I got my little bucket of prawns and headed towards the beach only to find out that everyone is catching NOTHING. Next to the hole where everyone is casting I noticed a nice shallow sandbank with the waves working it nicely. I decided to try there for a white steenbra or grunter.
So I got my traces and bait on and made a cast towards the bank. Earlier that morning I put new line on my reel. A whole 600 meter roll of 11.3 kilogram line fitted onto my Penn 49A reel. Seeing that I did not tension it enough while putting it on my first cast resulted in a huge overwind.
I sat down and undid the crow’s-nest I just created. With my bait lying in about knee deep water I felt something small tug on the end of my line. I did not give it much though as I would probably just be some blaasoppie or baber.

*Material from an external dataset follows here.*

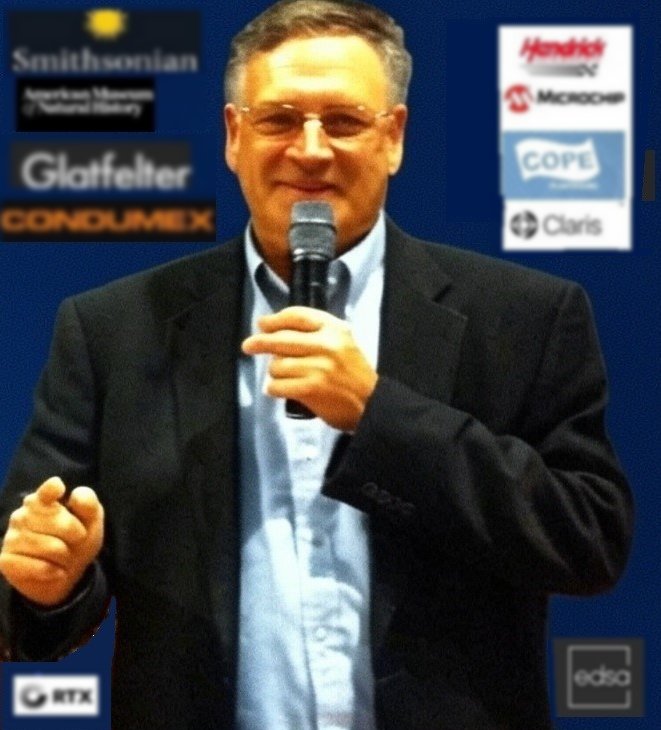 Mike Linett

I got the overwind sorted out and stood up to to retrieve my line and try to cast again. By this time the hangover felt like its getting babies and multiplying. As I moved my sinker something decided to go the other direction. Fish on. It felt big and after about a 100m run I got it to slow down.
I thought it might be a big stingray or sand shark. I start to get back some line and it started to go left. As it hit the next deep channel it headed out to sea again.
Mike had to put my fishing buckle on while I was fighting it because it started to look like this might be a long day.
I win line over the shallows and as soon as it hits deeper water it takes line again. About 90 minutes later (and about 3 kilometres to the left from where I hooked it) I could feel that whatever I have hooked into is getting tired. But so am I…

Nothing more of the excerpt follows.